Your eCommerce tech stack includes tools you don't own. You use Shopify for order management, Klaviyo for email, Meta for ads, and possibly a review platform, a shipping integration, and a customer service tool. Each time you connect these platforms, you're sharing customer data—and that data might include sensitive PII.

When you sync your Shopify customer list to Klaviyo, you're transferring names, emails, and purchase history. When you use Meta Pixel to track purchases, Meta receives transaction data tied to customer identifiers. When you use a third-party shipping provider, they get addresses and phone numbers. Each integration is a potential exposure point.

Your responsibility doesn't end when data leaves your Shopify admin. You're legally accountable for how those third parties handle sensitive data.
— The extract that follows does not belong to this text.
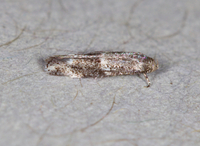 Elachista illectella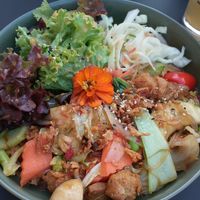  at Project Vegan in Koblenz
That means you need data processing agreements (DPAs) in place with every vendor that touches sensitive PII. You should also regularly audit which integrations you actually need and disconnect the rest.
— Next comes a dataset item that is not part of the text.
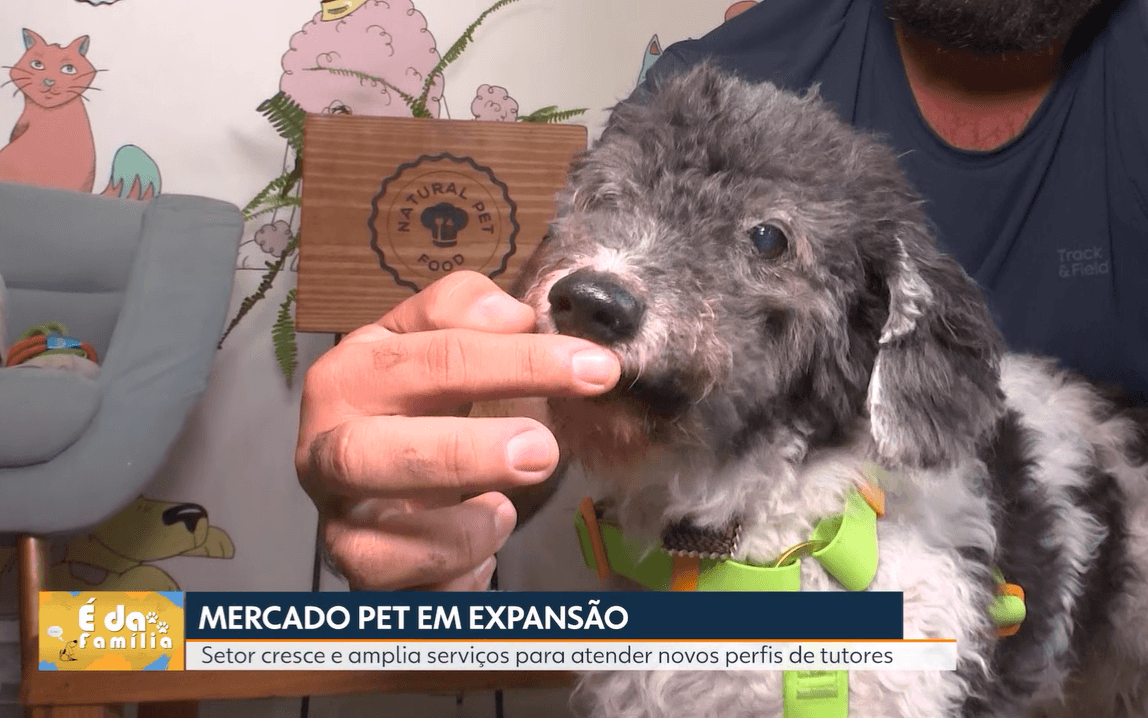 De companheiros a prioridade, como os pets estão transformando o mercado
Building a Data Audit Process

Understanding the difference between PII, sensitive PII, and sensitive data is only useful if you know what your brand is actually collecting and storing. Start with an audit: list every platform where customer data lives, then categorize what type of data each platform holds.

Shopify admin: full name, email, address, phone, payment method (encrypted), order history Google Analytics: device IDs, behavioral data, approximate location, purchase value (no names) Klaviyo: email address, full name, purchase history, engagement data Meta Pixel: email hash, device identifiers, purchase events, behavioral data Custom forms or quizzes: whatever fields you've added

Once you've mapped your data, identify which systems hold sensitive PII. Those systems need the highest security standards: role-based access control, encryption, audit logs, and regular security reviews. Non-sensitive data like behavioral analytics can live under a lighter security model—though you still need consent.

Doing this audit yourself takes time. Most brands discover they're holding sensitive PII in places they didn't realize—abandoned databases, old third-party integrations, or backup systems. Getting visibility into where sensitive data lives is the first step toward actually protecting it.